For us to now regulate who goes where in order to reduce the risk is a cop out, because everyone knows what they are doing is dangerous, going into a rally - it comes with the territory. Everyone going into a rally can, to a larger degree manage the risk to a degree that they feel comfortable with.
To come back to the point, I still cant agree that seeding should take place to put the fast guys in front, except in a race like Sardegna, where overtaking is virtually impossible to do. Everyone should deserve to be where they are in the ranking each day based on performance, and everyone needs to use their own initiative to overtake when it safe to do so. Neither should a rally be classed like we had in the Sertoes was in 2010 with FIM riders up front because not all FIM riders are bullets, and don't deserve to be there, regardless of the status.
Although it was nice to be up front it took a bit away from me, because I knew I did not deserve to be there.
Agree. Especially for aspiring rally riders, it's important to spend a lot of time thinking about these situations, to decide how to react.

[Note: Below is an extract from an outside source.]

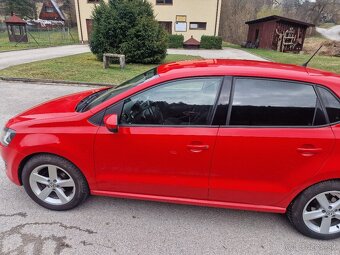 Volkswagen Polo - 6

The number one risk in Rally is dust, in my opinion. Most of the time, you can choose your risk level by slowing down so that you don't hit something, the danger you can't control is someone hitting you, and you can't manage that risk down to 0. But there are a lot of things you can do to minimize it- getting off or at the edge of the track if you aren't at full gas being a prime example. I always think of the rally track the much the way I do an interstate highway- they have the right to be coming along full gas.
Pre-rally, I don't mind seeding like putting Johnny Aubert at 21 in the Dakar this year, clearly, he was going to be on the gas. Chris Birch at 110, well, who knows. In any case, the cream will rise if you let it.
During the race, I agree with you Neil, you should start wherever you finished the day before, regardless of class or expectations.
We did a reverse day at the end of last year, and it was miserable and at times, felt suicidal. I can imagine that's how it feels for a fast guy to be mired back in the mix... but people must be rewarded, and punished, for their performance, it's the only fair way.